Description of the task: Verbatim copy without images: repeat the records in full.

Exercise input:
☆ ☆ ☆ ☆

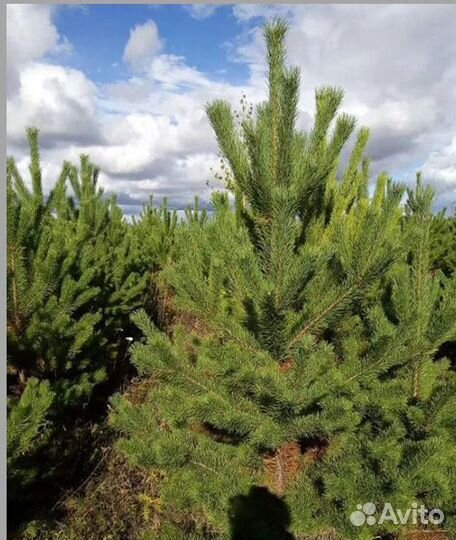 Елка Ель Новогодняя оптом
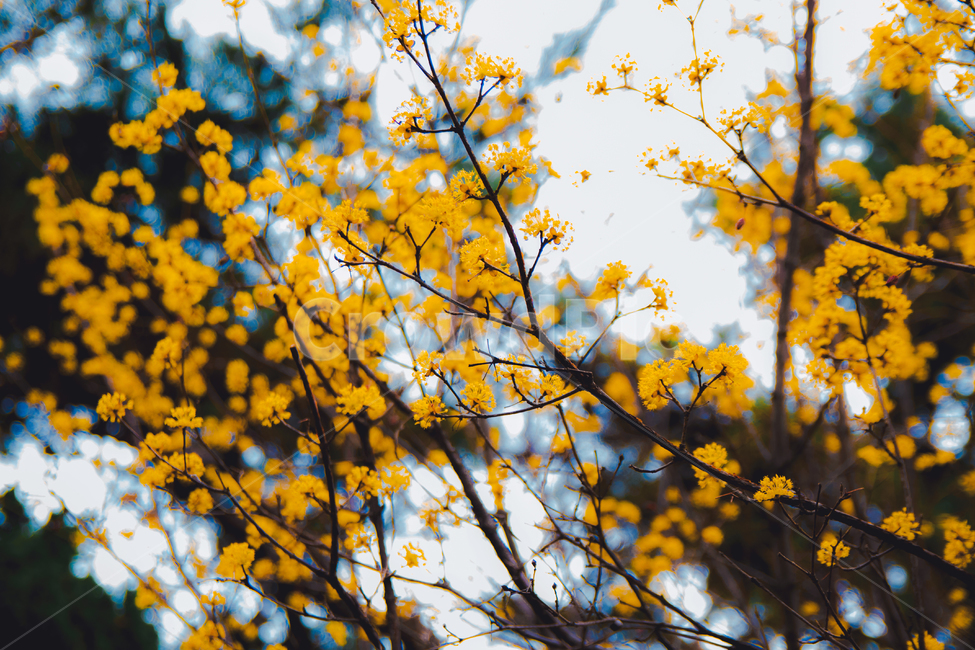 개나리,봄,나무,채도,노랑,벌,하늘,자연,풍경,봄,계절,spring,season,식물,자연,plants,nature,꽃,flower,감성,sensible,feeling,plant,leaf,잎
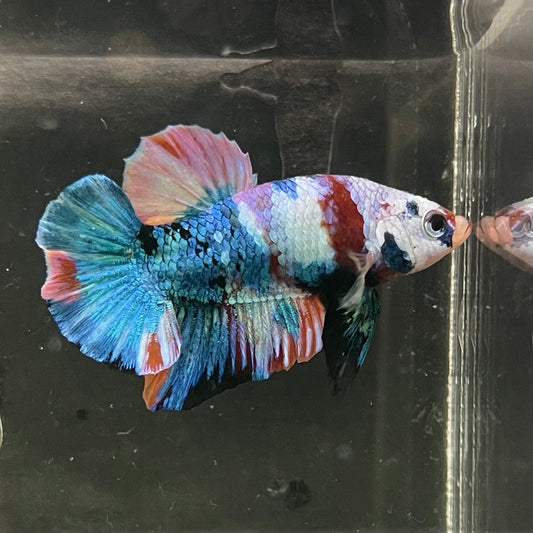 the-fish-farm Premium Male Betta Galaxy Koi Premium Male Betta - One Only - 5 Find a range of Galaxy Koi Male Bettas at The Fish Farm Australia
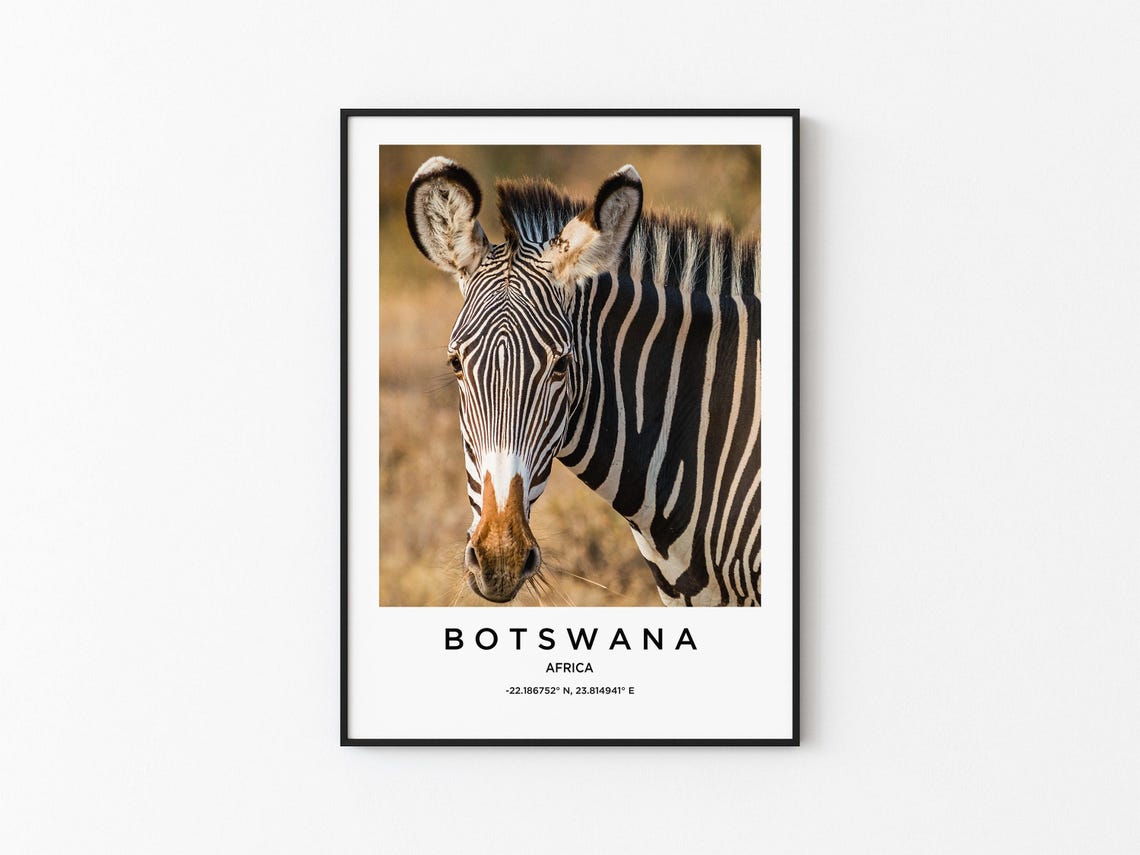 Botswana Africa Zebra Portrait Wildlife Photography Art Poster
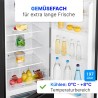 Bomann KG7353-Black 268L fridge and freezer
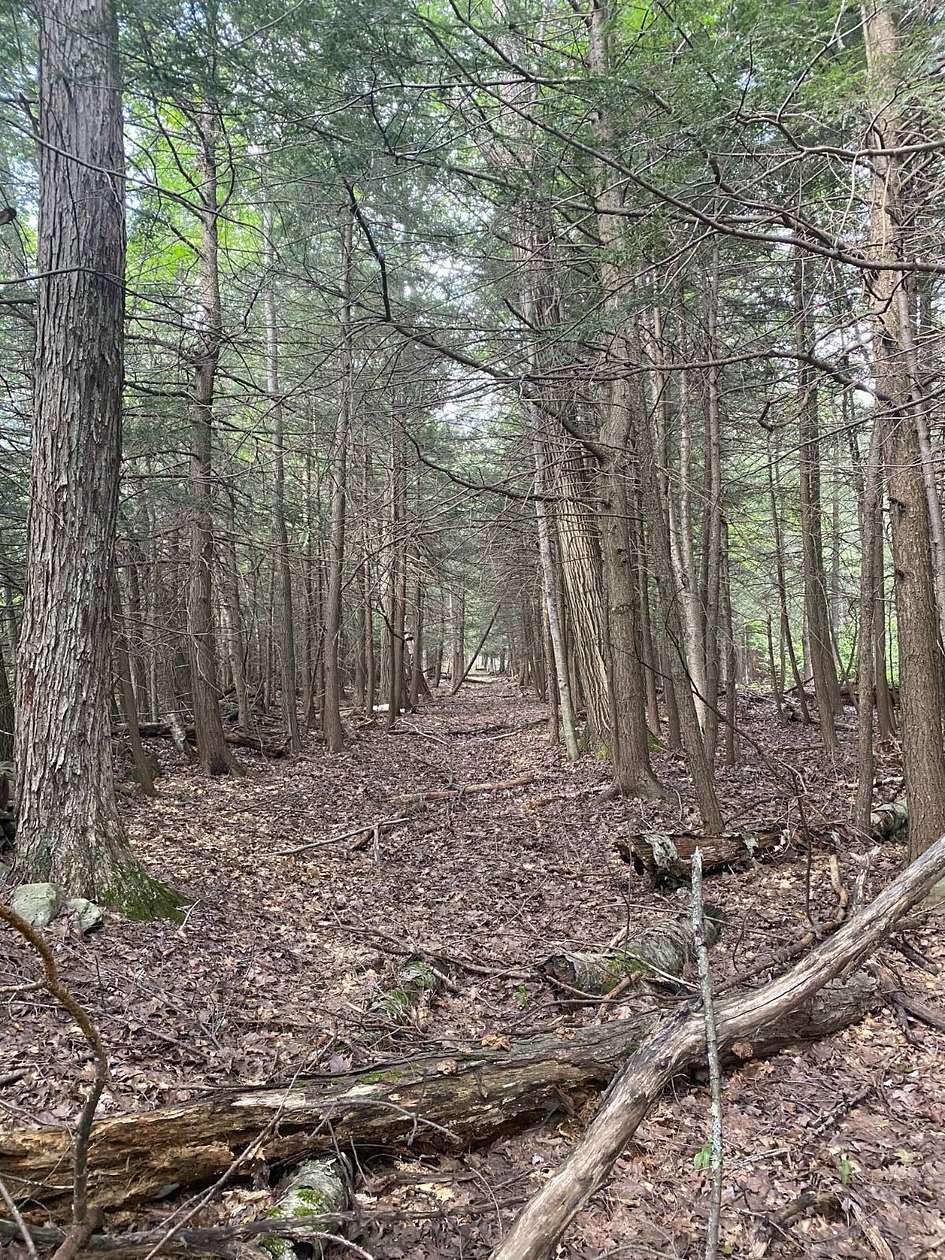 7 Acres of Residential Land for Sale in Jewett, New York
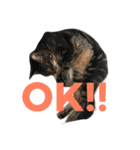 My cat's is cute（個別スタンプ：11）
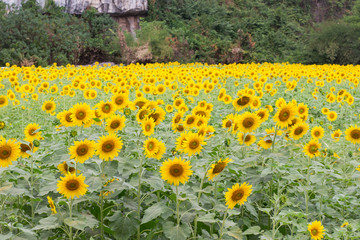 Beautiful Sunflower in the field at Phitsanulok Thailand.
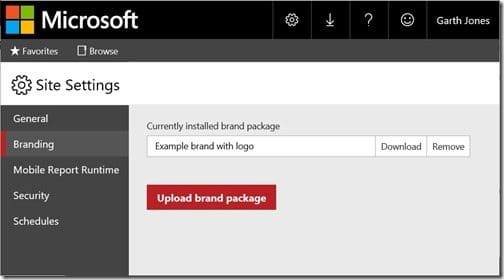 New SSRS 2016 Custom Brand Package Feature-Default Page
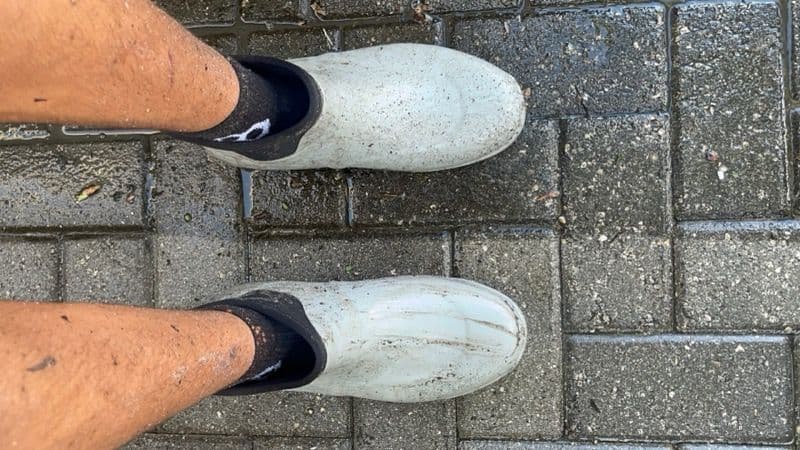 person wearing light-colored clogs and black socks standing on a wet cobblestone surface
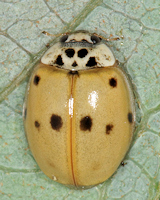 Adalia decempunctata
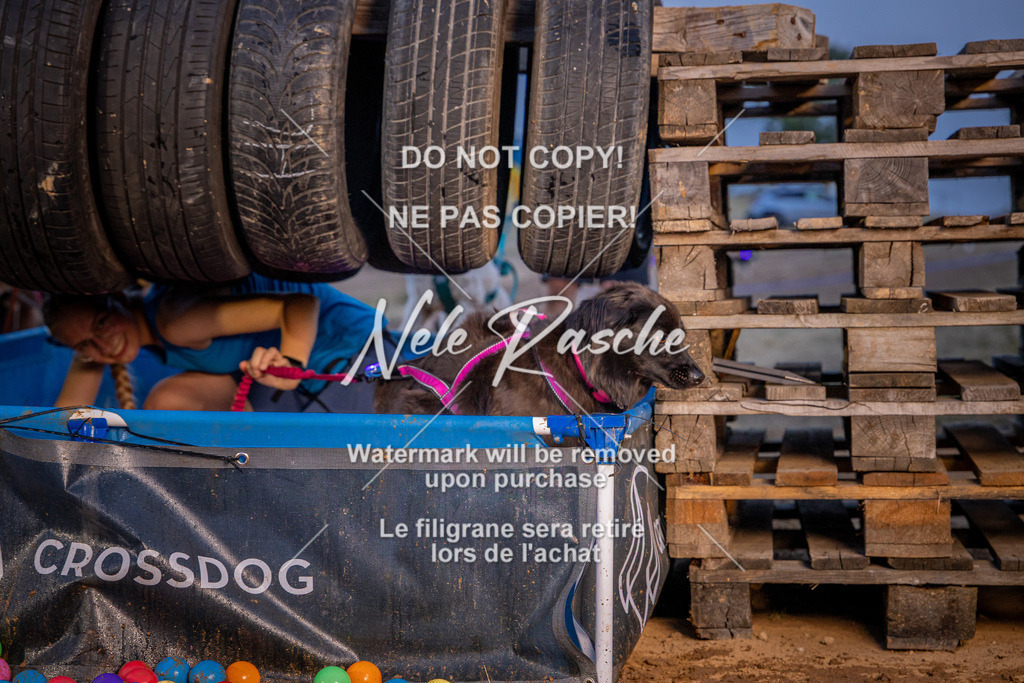nelerasche_SummerNights26_Sa2100-2130_142 | nelerasche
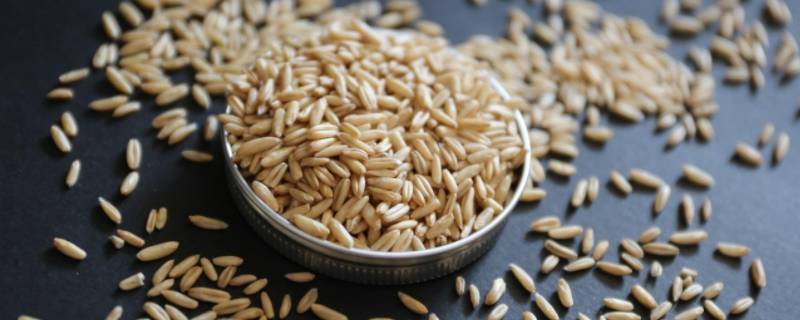 燕麦米煮多久才熟 燕麦米煮成什么样才算熟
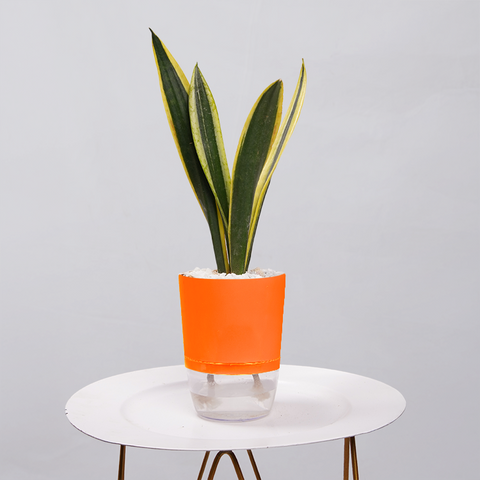 Snake Plant Dwarf Thai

☆ ☆ ☆ ☆

Answer for the task:
 Елка Ель Новогодняя оптом
 개나리,봄,나무,채도,노랑,벌,하늘,자연,풍경,봄,계절,spring,season,식물,자연,plants,nature,꽃,flower,감성,sensible,feeling,plant,leaf,잎
 the-fish-farm Premium Male Betta Galaxy Koi Premium Male Betta - One Only - 5 Find a range of Galaxy Koi Male Bettas at The Fish Farm Australia
 Botswana Africa Zebra Portrait Wildlife Photography Art Poster
 Bomann KG7353-Black 268L fridge and freezer
 7 Acres of Residential Land for Sale in Jewett, New York
 My cat's is cute（個別スタンプ：11）
 Beautiful Sunflower in the field at Phitsanulok Thailand.
 New SSRS 2016 Custom Brand Package Feature-Default Page
 person wearing light-colored clogs and black socks standing on a wet cobblestone surface
 Adalia decempunctata
nelerasche_SummerNights26_Sa2100-2130_142 | nelerasche
 燕麦米煮多久才熟 燕麦米煮成什么样才算熟
 Snake Plant Dwarf Thai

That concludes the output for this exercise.